*Aaron*
I couldn't stop staring at his hands.
Thick fingers, calloused from years of chopping wood, hauling sacks of lentils, and planting barley in stubborn soil. But now I saw them differently.
Those hands had broken bones. Slit throats. Torn through goblins like paper.
I watched Father—Durnos—as he calmly ladled stew into our bowls like nothing had changed. The scent of rosemary and cooked onions filled the room, but I couldn't taste anything.
Helios sat beside me, arms crossed, silent. That alone made me nervous.

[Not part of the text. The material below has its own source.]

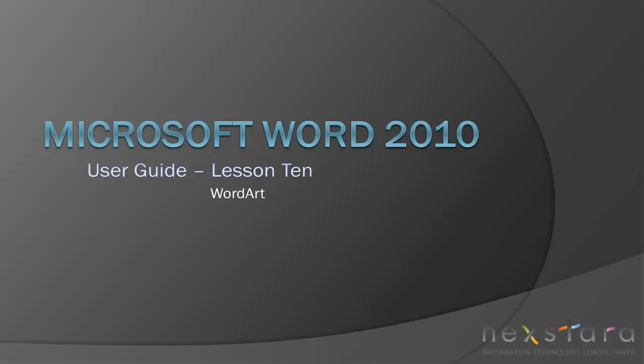Thank you for joining NextRTV for Microsoft Word 2010 User Guide Lesson 10, WordArt. If you've enjoyed this video, be sure to visit www.nextdaraTV for other tutorials or subscribe to our YouTube channel at www.youtube.com/NextRTV.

If my brother wasn't cracking jokes, something was wrong.
I finally spoke. "How long have you been able to do that?"
My voice sounded strange to me—smaller, younger.
Father didn't look up. "A long time."
"You fought in the Great War?" I asked.
"No," he said, softly. "That came after."
I blinked. After? But the Great War was the end of an era. What could come after that?
He finally looked at us, the fire reflecting in his eyes. "I was once called Durnos. The One-Pointed Star."
I felt like I'd been punched in the stomach.
Helios stiffened beside me. I could practically hear his thoughts grinding together.
"That's… that's a myth," I said. "The One-Pointed Star? That's a name in a bard's song."
"It was," Father replied. "Before I walked away from it."
"But why hide it?" I asked, my voice cracking. "Why not tell us?"
"Because I didn't want you raised in blood," he said. "I didn't want you dreaming of blades and glory. I wanted you to know the warmth of the sun, the quiet of a home. I wanted you to believe peace was real."
Helios stayed quiet, but I could feel the heat in him rising.
I clenched my jaw. "Then why train us like you did?"
He finally looked straight at me. "Because I knew it wouldn't last."
Silence wrapped around us again. Heavy. Dense.
"So we're not normal," I said.
"No," Father said. "You're not. But you're still yourselves. I didn't give you powers, Aaron. Everything you are—you built through your own sweat, your own pain."
I stared into my stew, watching the broth swirl around a slice of carrot. My muscles still ached from the spar. My lip was swollen. And yet… that fight against the goblins—all twenty-six of them—I'd moved like something else. I hadn't thought. I just… acted.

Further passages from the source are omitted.